But the advantage only holds for the use case where the analytical data is from one transactional system rather than a data warehouse combining data from multiple upstream databases, as they often do.
Doug Henschen, vice president and principal analyst with Constellation Research, said one thing the database vendors – including Oracle, MongoDB, and Snowflake – had in common was a desire to broaden their capabilities to prevent customers from turning to third-party products to satisfy their needs.
"The rise of 'modern cloud-native apps' has increased demand for such versatility. However, customers will still be choosing their database/database service based on their primary use case and need. MongoDB, for example, will still appeal primarily to developers seeking an agile platform for application development. It now has a fairly compelling set of capabilities for operational analytics, but it's not a SQL data warehouse/mart platform capable of being foundation for BI and analytics.
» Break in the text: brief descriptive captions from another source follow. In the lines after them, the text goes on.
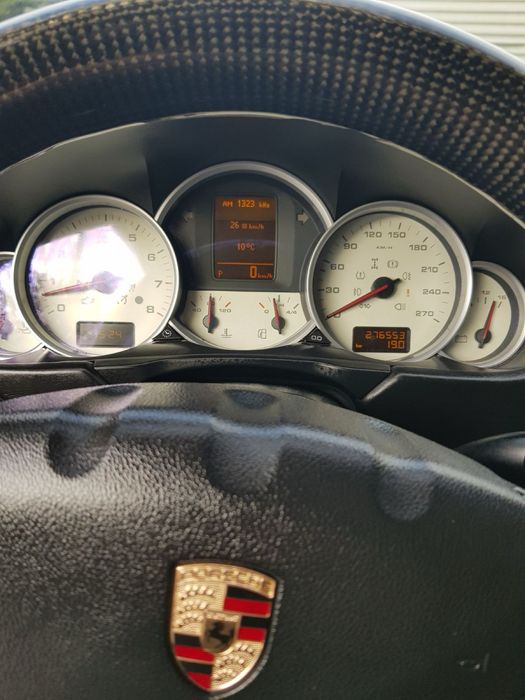 Продам Porsche Cayenne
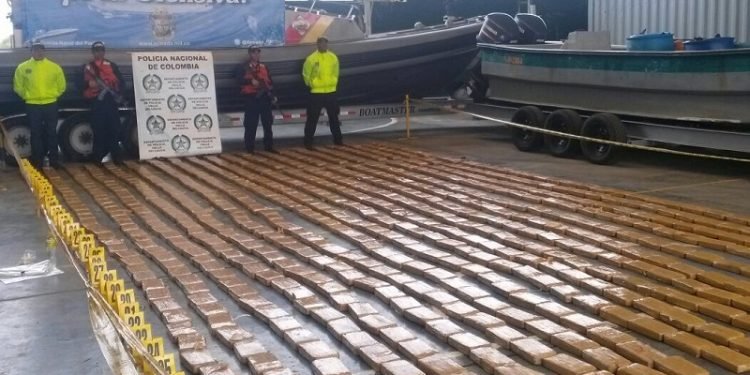 Autoridades decomisan 511 kilos de cocaína al norte de La Guajira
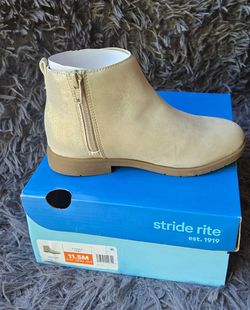 Boots size # 11.5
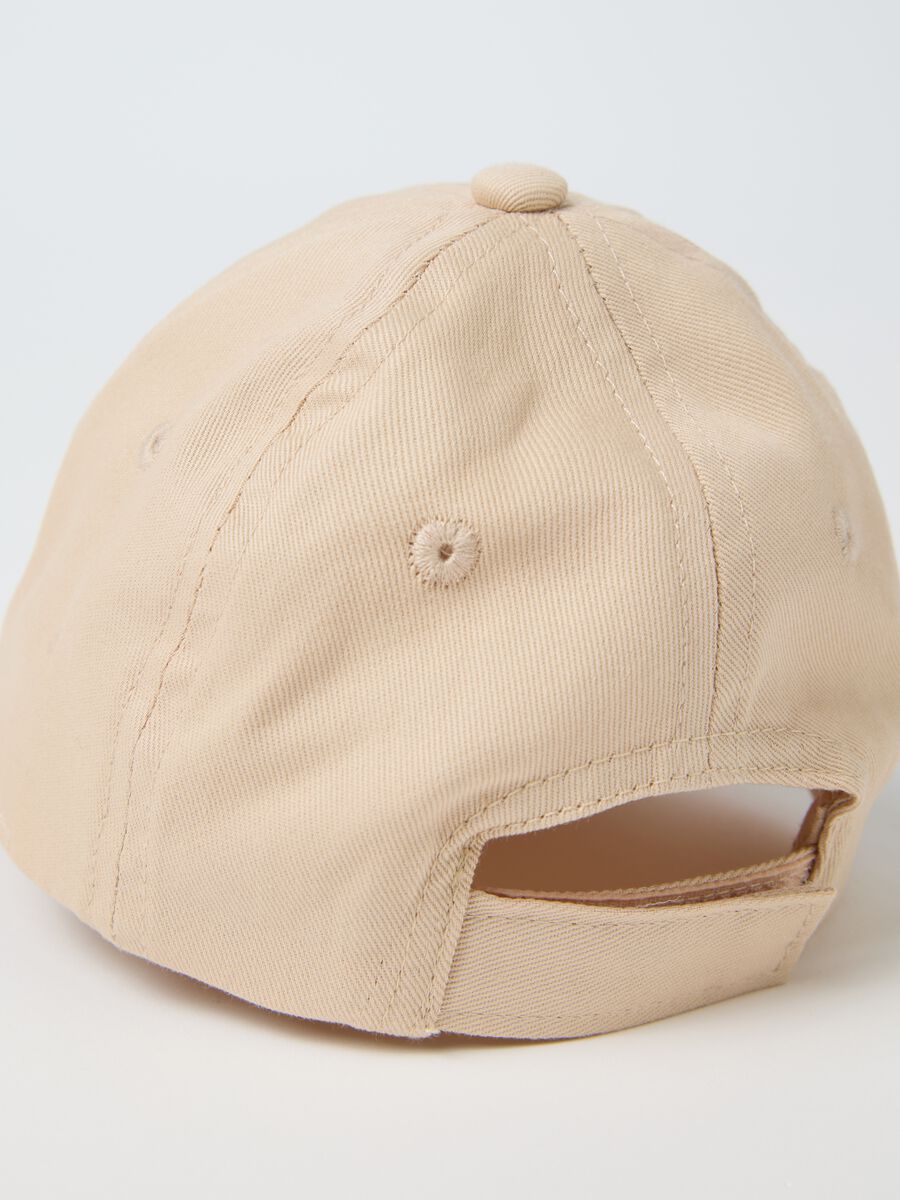 Babies’ beige hat in 100% cotton with embroidered animal_1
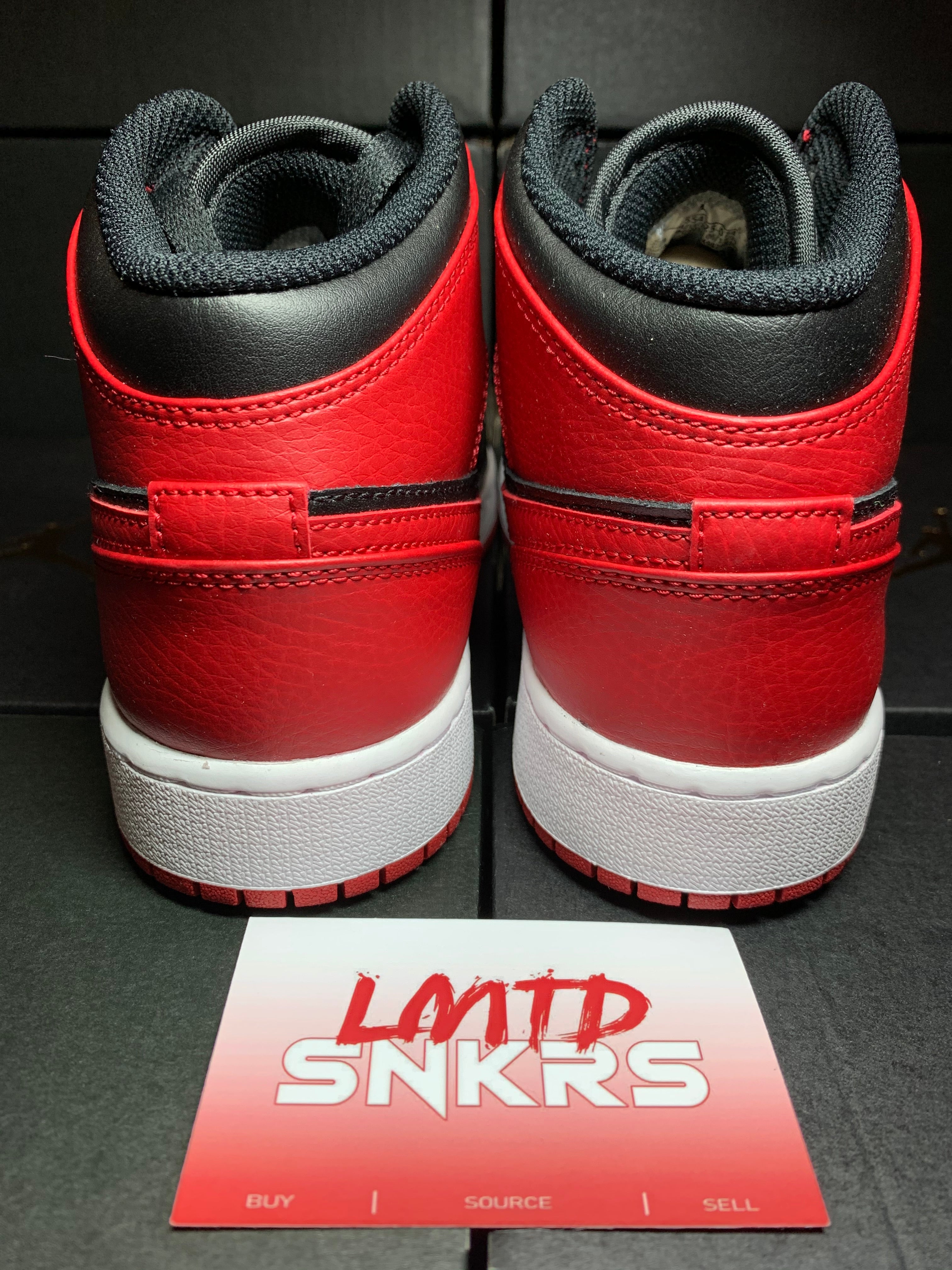 Air Jordan 1 Mid Banned 2020 Trainers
"Conversely, Snowflake is saying outright that it's not going after the traditional transactional database market, it's quite literally calling them 'Native Apps' where there's a need for transactional and analytical data together in real time."
In that sense, the vendors were talking to their own customers, rather than the broader market, Henschen said. "Each database vendor is promising their customers that they'll be able to do more with their product, but I don't see it as changing the fundamental use case or initial buyer of the product, even if use cases and user populations expand a bit as these new capabilities mature."
While that might be good news for Snowflake customers, it falls short of the "wave of innovation" promised. Perhaps that's what happens when you try to build a Snowpark in the desert. ®